Are we sitting comfortably?

Then I shall begin. This is a story about a humble chair.

Read this article from the BBC, which adds little to what was broadcast on their breakfast show today. Then go and read this article, about the same chair, at the Guardian.

(The choices of source show my own biases. While I am not ashamed of this, you may want to check out the same story at other news outlets, just for the heck of it.)

My point here is that the BBC report implies the chair, originally owned by author JK Rowling when she was a lot less well off and famous than she is now, was sold at auction. The article implies the sale was by Rowling, tells us how much the chair made at the auction, but doesn’t really tell us who bought it or what the money made might be used for. Anyone that knows Rowling would guess she might donate some or all of the cash to a charity, rather than simply pocket the cash.

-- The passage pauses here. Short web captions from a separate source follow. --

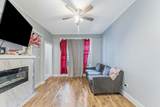 7553 Saint Lawrence Avenue - Photo 6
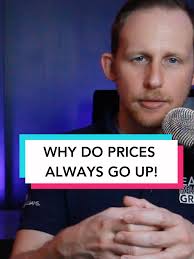 Thomas Eaves (@eaves_realty_group)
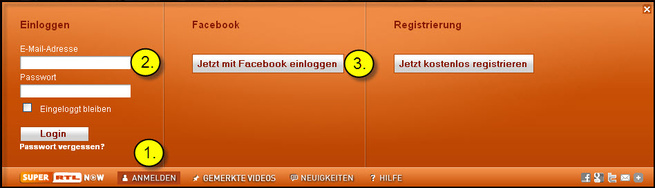 login_super_655_1313592529 login_super_655_1313592529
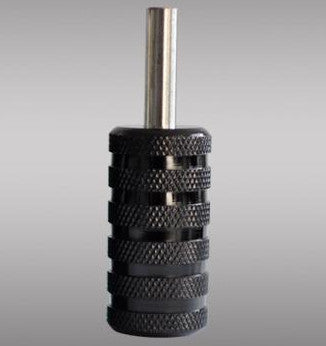 Premium Aluminum Grips A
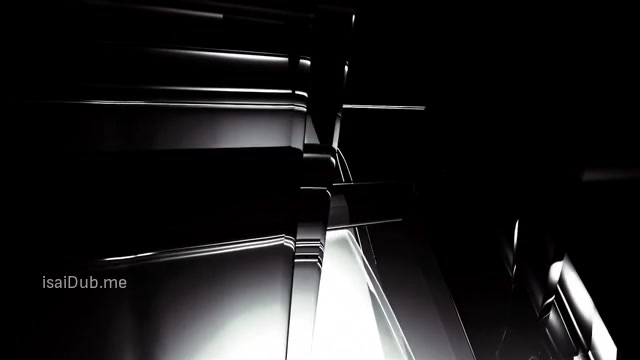 Inside Out 2011 360p HD.mp4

As it transpires, when you fill out the details from the Guardian version, Ms Rowling was not selling the chair. She sold it back in 2002, after she’d painted the various words on it. Now, didn’t the BBC article just imply it was Ms Rowling selling the chair? A supposedly impartial news broadcaster, as the BBC keeps telling us it should be, seems to be only telling half the story. Why hold back some of the information? Was it felt unnecessary? Who decided we should think Rowling was selling the chair, which ticks the “celebrity” box at least, when it was the second or third owner of the object selling this time, who made a fair amount of money on the sale and, it turns out, is donating 10 per cent of the proceeds to a Rowling charity?

While you mull that notion over in your mind, consider what other more important and grave news stories may be being moulded to an agenda before they are broadcast or published to us. My favourite parlour game is pointing out errors and omissions in reports which cover things I actually know about. It makes you really stop and wonder how much is missed out or erroneous in coverage of many other things.

Question everything. Believe nothing.

 

UPDATE (10/4/16): It seems the BBC article has been updated to clarify the chain of ownership. This is a good thing, and shows someone pays attention to how things can be, even accidentally, skewed. I feel my original point about media biases and how we should try to be aware of them still stands.